[RFC PATCH 0/8] ULLS for kernel submission of migration jobs

Tue Sep 17 14:39:01 UTC 2024

On Tue, Sep 17, 2024 at 08:59:10AM +0200, Thomas Hellström wrote:
> Hi, Matt
> 
> On Mon, 2024-09-16 at 13:55 +0000, Matthew Brost wrote:
> > On Mon, Aug 12, 2024 at 05:26:26PM +0000, Matthew Brost wrote:
> > > On Mon, Aug 12, 2024 at 10:53:01AM +0200, Thomas Hellström wrote:
> > > > Hi, Matt,
> > > > 
> > > > On Sun, 2024-08-11 at 19:47 -0700, Matthew Brost wrote:
> > > > > Ultra low latency for kernel submission of migration jobs.
> > > > > 
> > > > > The basic idea is that faults (CPU or GPU) typically depend on
> > > > > migration
> > > > > jobs. Faults should be addressed as quickly as possible, but
> > > > > context
> > > > > switches via GuC on hardware are slow. To avoid context
> > > > > switches,
> > > > > perform ULLS in the kernel for migration jobs on discrete
> > > > > faulting
> > > > > devices with an LR VM open.
> > > > > 
> > > > > This is implemented by switching the migration layer to ULLS
> > > > > mode
> > > > > upon
> > > > > opening an LR VM. In ULLS mode, migration jobs have a preamble
> > > > > and
> > > > > postamble: the preamble clears the current semaphore value, and
> > > > > the
> > > > > postamble waits for the next semaphore value.
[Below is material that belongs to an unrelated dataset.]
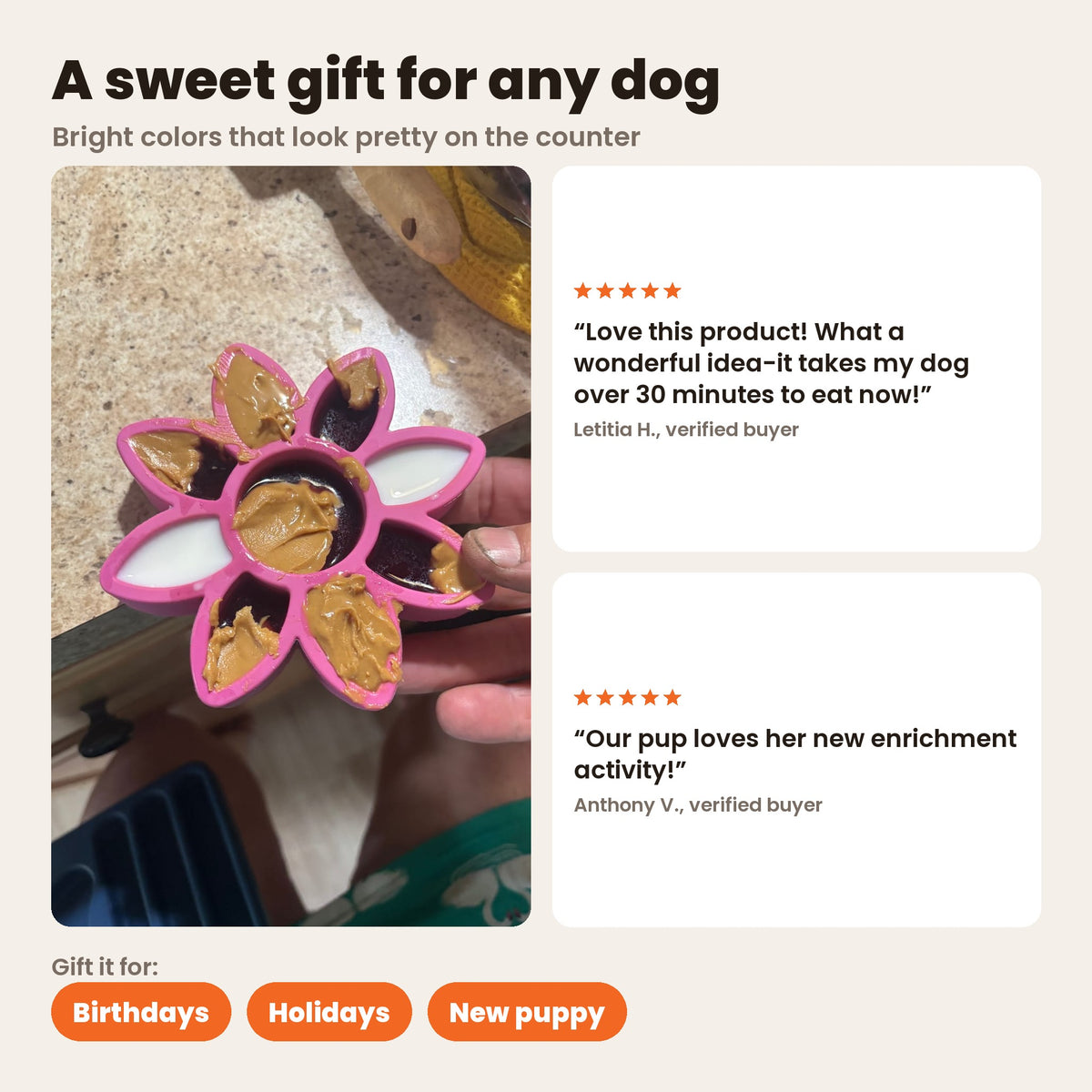 FreezFlower in pink, filled with peanut butter and held over a kitchen counter, a sweet gift for birthdays, holidays or a new puppy. Reviews from Letitia H. and Anthony V.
Each job
> > > > > submission
> > > > > sets
> > > > > the current semaphore in memory, bypassing the GuC. The net
> > > > > effect is
> > > > > that the migration execution queue never gets switched off the
> > > > > hardware
> > > > > while an LR VM is open.
> > > > > 
> > > > > There may be concerns regarding power management, as the ring
> > > > > program
> > > > > continuously runs on a copy engine, and a force wake reference
> > > > > to a
> > > > > copy
> > > > > engine is held with an LR VM open.
> > > > > 
> > > > > The implementation has been lightly tested but seems to be
> > > > > working.
> > > > > 
> > > > > This approach will likely be put on hold until SVM is
> > > > > operational
> > > > > with
> > > > > benchmarks, but it is being posted early for feedback and as a
> > > > > public
> > > > > checkpoint.
> > > > > 
> > > > > Matt
> > > > 
> > > > The main concern I have with this is that, at least according to
> > > > upstream discussions, pagefaults are so slow anyway, a performant
> > > > stack
> > > > needs to try extremely hard to avoid them using manual prefaults,
> > > > and
> > > > if we hit a gpu pagefault, we've lost anyway and any migration
> > > > latency
> > > > optimization won't matter much.
> > > > 
> > > 
> > > I agree that if pagefaults are getting hit all the time we are in
> > > trouble wrt to performance but that doesn't mean when they do occur
> > > we
> > > shouldn't try to make servicing them as fast as possible.
> > > 
> > 
> > Okay, there is definitely something to this. I have an SVM test that
> > serially bounces (i.e., each bounce results in a GuC context switch)
> > a
> > 2M allocation via fault about 1,000 times between the CPU and GPU. I
> > applied this series and added a modparam to enable/disable ULLS to
> > the
> > tip of my latest working branch [3].
> > 
> > Without ULLS enabled, the test on average took about 3 seconds on
> > BMG.
> > With ULLS enabled, the test on average took 2 seconds. I was
> > expecting a
> > small gain, but this is significant. Other similar sections I have
> > seen
> > a speed nearing twice as fast. It seems to indicate that this series
> > is
> > definitely worth pursuing.
> > 
> > Also note that any operation using the migrate engine will see gains
> > (e.g., clearing BOs, prefetches, eviction) in terms of latency.
> 
> I'm still concerned about adding this, and if we do we should only use
> it as a last resource if we see significant performance improvements in
> real-world applications. Historically all the latency optimizations was
> what screwed up the maintainability of the i915 driver and I think we

I agree real-world application performance is the acceptance criteria
and maintainability is always a concern. FWIW I thinks this series is a
clean implementation so maintainbility from PoV it not a huge concern.
If it created all sorts of new concepts I'd be concerned but it doesn't
- it largely fits in the already defined layers rather nicely.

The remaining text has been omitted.